Try it - Please give the lines below again exactly as they stand, from the one that contains "Boyalik & Hotell Çeşme" up to and including the one that contains "w blond peruce", leaving all pictures out.

Study material -
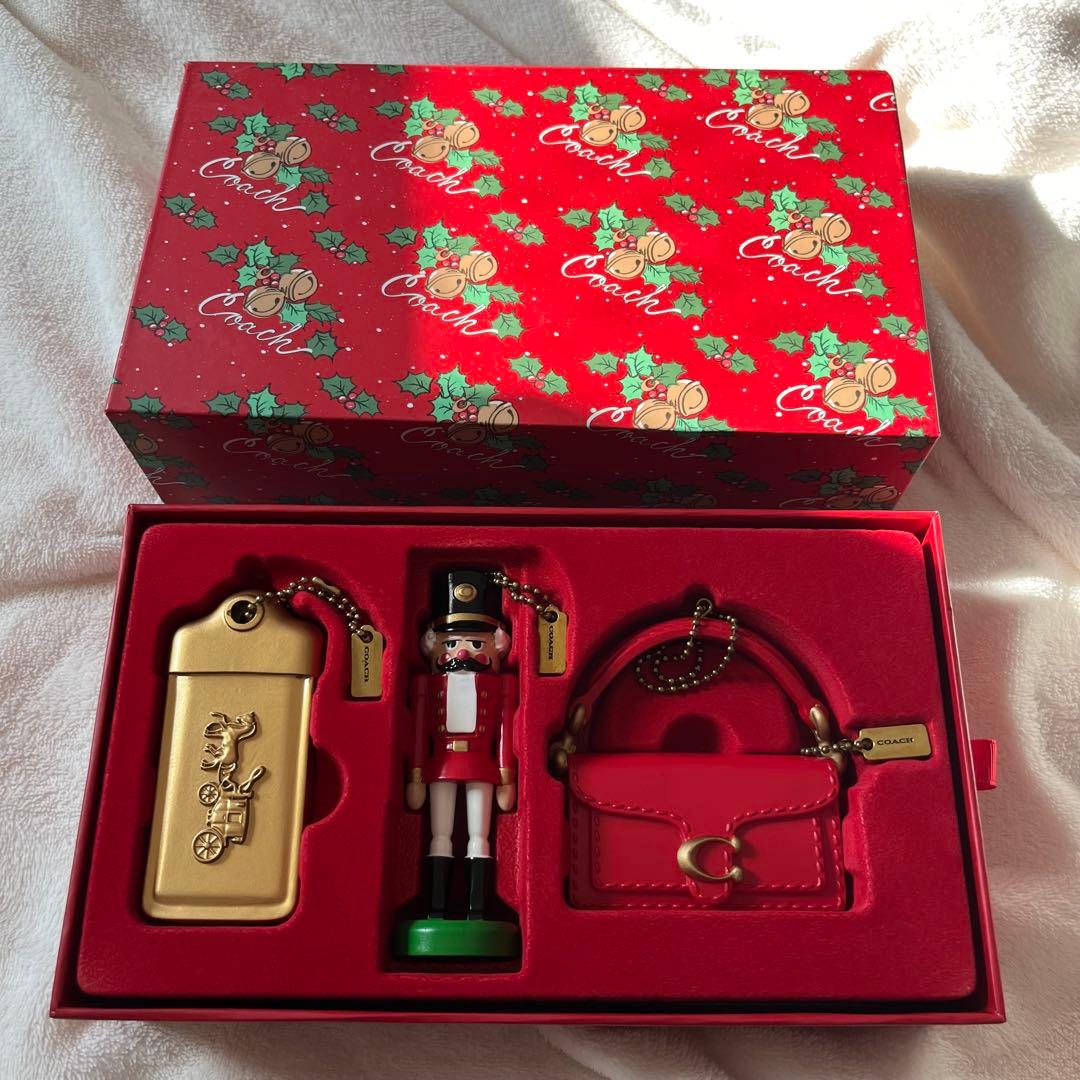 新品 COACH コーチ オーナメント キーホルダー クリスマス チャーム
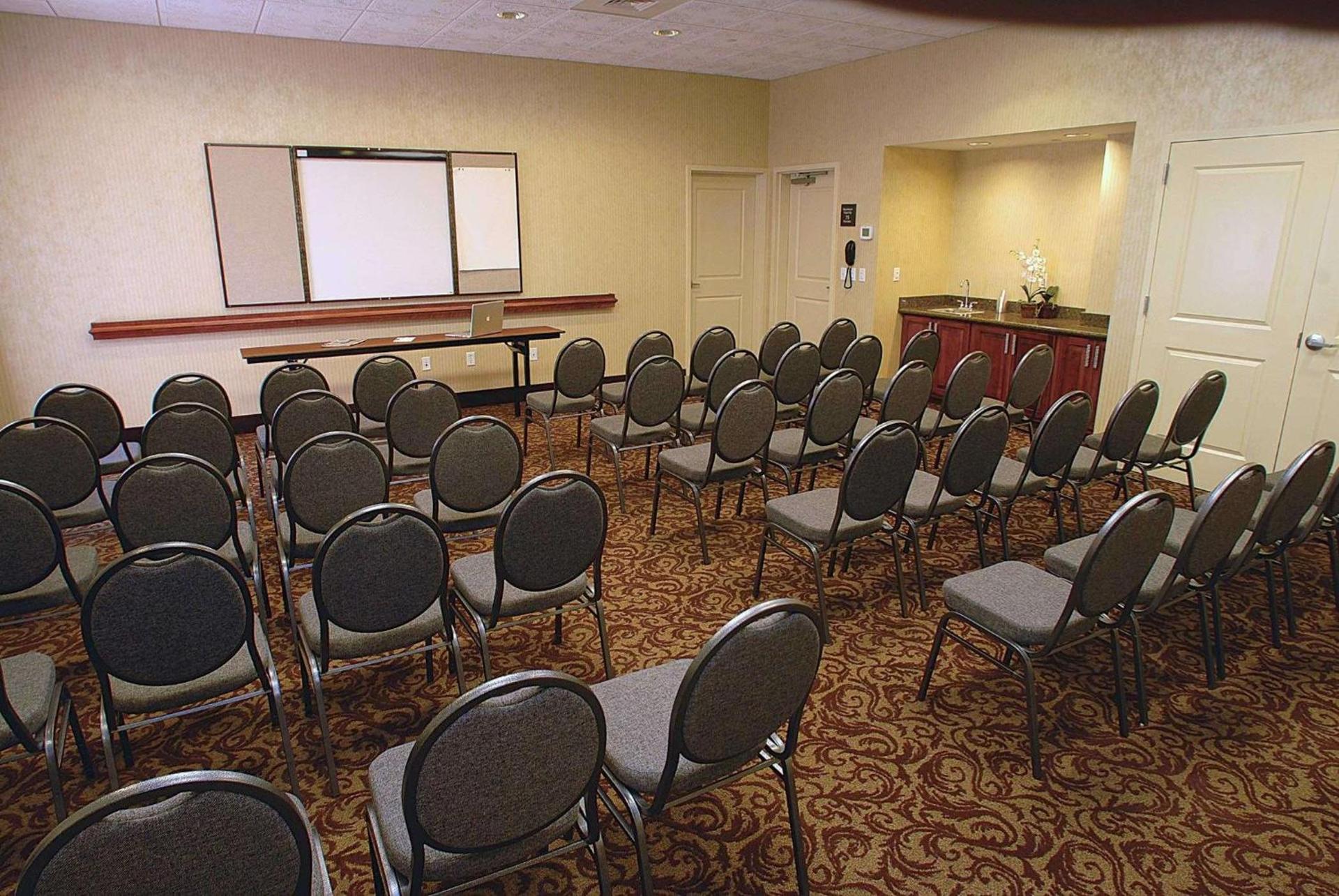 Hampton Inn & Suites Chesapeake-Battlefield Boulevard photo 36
* * *
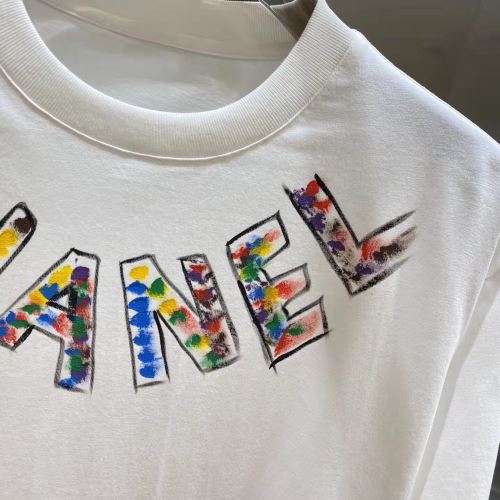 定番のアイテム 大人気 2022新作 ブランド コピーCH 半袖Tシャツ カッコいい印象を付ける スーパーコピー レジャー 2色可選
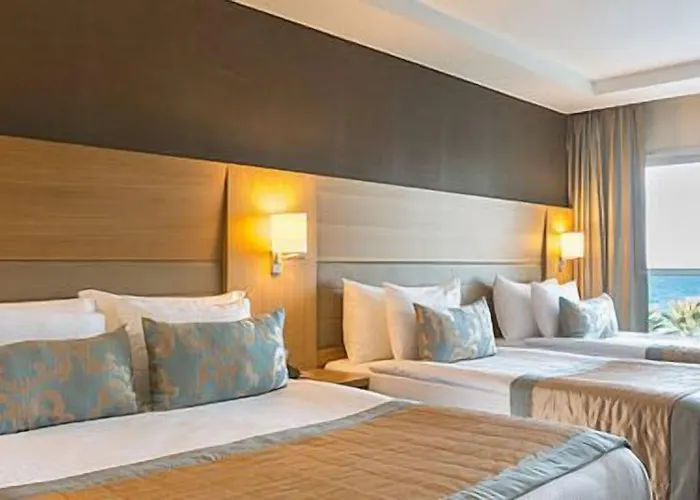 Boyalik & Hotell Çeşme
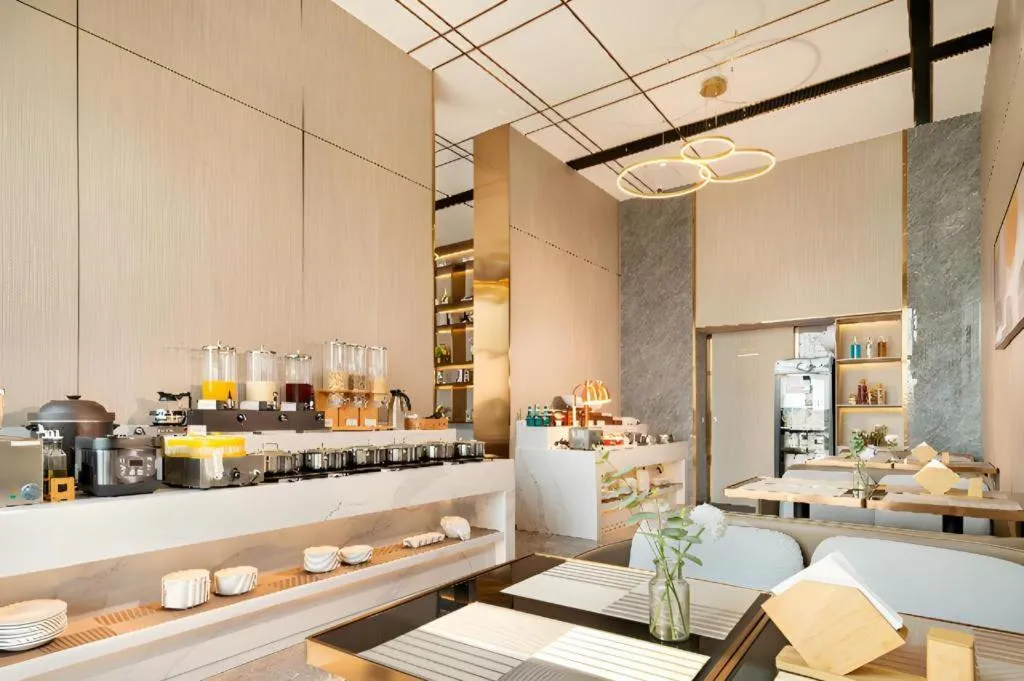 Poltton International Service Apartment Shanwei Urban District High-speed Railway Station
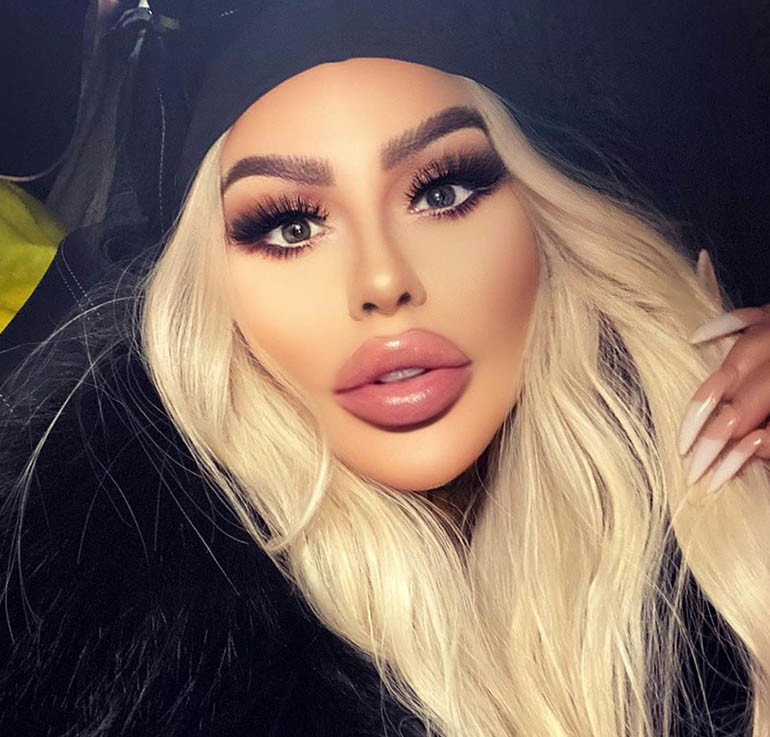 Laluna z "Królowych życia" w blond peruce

Task output -
 Boyalik & Hotell Çeşme
 Poltton International Service Apartment Shanwei Urban District High-speed Railway Station
 Laluna z "Królowych życia" w blond peruce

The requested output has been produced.